Paper is not skin! Paper is made of plant pulp, it cannot give us even an inkling of feeling how this scent would mix with one’s personal scent! Banish this practice from the presses, please, dear fashionistas! Give us instead what you used to do:  those gorgeous photographs of lovely women with those beautiful bottles, pictures that left us full of temptation spurred by the aroma of the imagination.

While you’re at it, banish, too, those silly little fronds of paper the girls in department stores and at the duty-frees the world over hand out after dousing them with the latest designer editions. Are we really supposed to smell this strip to know how this it will mix with the skin’s personal chemistry?

Enough already of smelly magazines when I can remember how fabulous they smelled of glossy paper and ink!
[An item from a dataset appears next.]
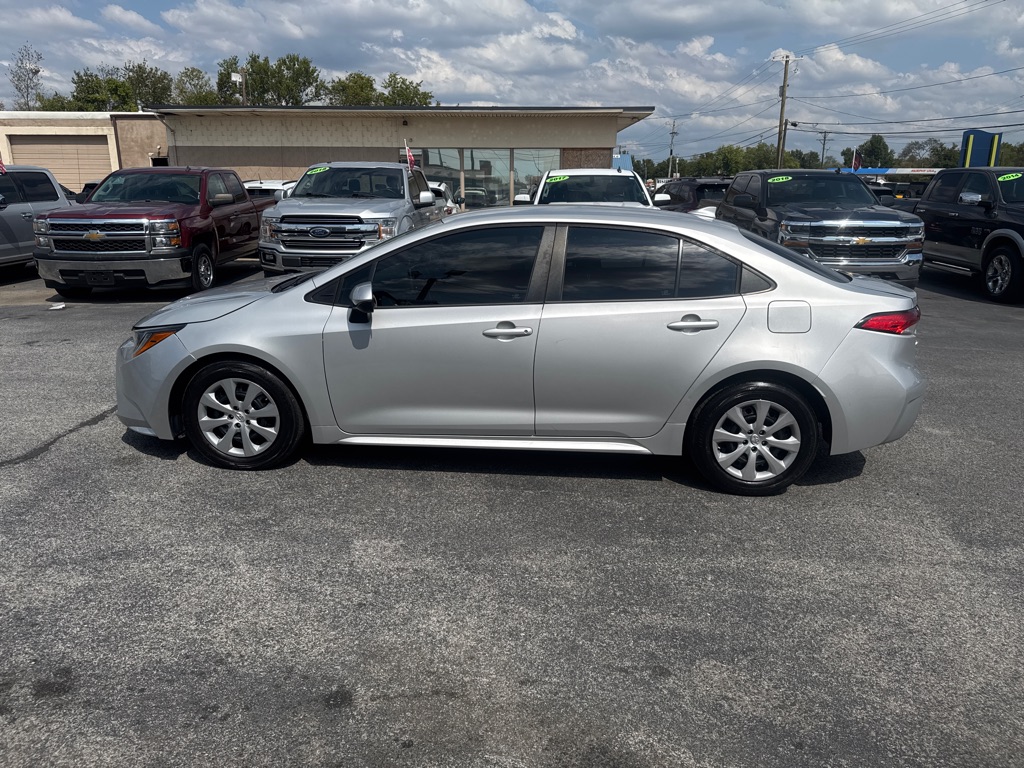Photo 8 of this TOYOTA COROLLA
Then there are the smells I shouldn’t particularly like, but do so love that they crowd my heart up to my throat:  the great grey-painted steel hulls and bulkheads of old aircraft carriers and moth-balled ships.  The USS ENTERPRISE, HMS QUEEN MARY, once so patriotically proud as mass ego-identifiers, now a painful reminder to us of all who are to us forever lost. Oh, the wars wrought by ego and still more ego! “Hang On To Your Ego.” Really? I don’t think so. The bonds of comradery ought not to be conflated with patriotism. Love the aircraft carrier, hate the bloody war.

Speaking of aircraft carriers, blood has its own particular smell. In a living man, the fresh virile scent is of salt and iron, which is also the taste of blood.

When I was a teenager, my French aunt spoke of recognizing a virgin just by the odor! She swore my own scent, too, would change with sexual experience. What a relief!

But woe to the poor boy, she told me, who dispenses with soap! He will remind us that we are, indeed, descended from a common ancestor shared with the other apes. Never should he return from the gym reeking of old perspiration, sebum and butt! Post-sport showering is de rigueur!

Worse yet is a man who layers a pheremone-based cologne on top of sweat!

Old Lime, yuck! Whoever came up with that was forgetting the rotten smell of citrus rinds in garbage. Give us instead Amber, Sage, and Sandalwood!

Good old clean soap is enough all by itself. Undesirable body odor is when the blessing of a woman’s superior olfactory sense turns into a veritable curse! It’s enough to drive us mad.

In fact, the poorly ventilated air of a submarine submerged for weeks and sometimes months may be one reason certain men, as much as women, may not be fit for that line of duty where fresh water runs so scarce.

We know that the smell of the unwashed cannot be disguised with perfume as a cover. Yet that is what people did until relatively recently! Witness the ancient Egyptians who, during the summer months that the Nile dried up, dined and danced in the heat with conical wax perfumes atop their plaited horsehair wigs, waxes meant to melt and trickle through to their shaved heads, necks and breasts, women and men alike.

Thousands of years later, the courtiers of Europe had little more than perfumed handkerchiefs and flowery nosegays to hold under their noses. Only the Age of Enlightenment would suggest that fresh air and sun on a skin washed with soap and water might be beneficial to one’s health.

Then there are the skins of animals. Visit the tanneries and dye vats of old Fez in Morocco and you will be given a sprig of mint as you enter that you may hold it under your nose.

No such luck when visiting a whale rendering factory in Iceland. You will simply be told that your brain will adapt within ten minutes to no longer find the smell unpleasant. Not that your heart will pleasantly accept the rest of the gruesome exploitation!

A visit to the abattoire is always an invitation to become vegetarian. Oh, for a future already where meat is grown in a Petri dish and lambs are for petting!

Which has brought me to circle round back to wet wool and pets and how I have completely fallen in love with the heavenly smell of my Beagle hounds! Their toes smell like Fritos and their ears feel like warm velvet, all happiness and Tibetan healing incense.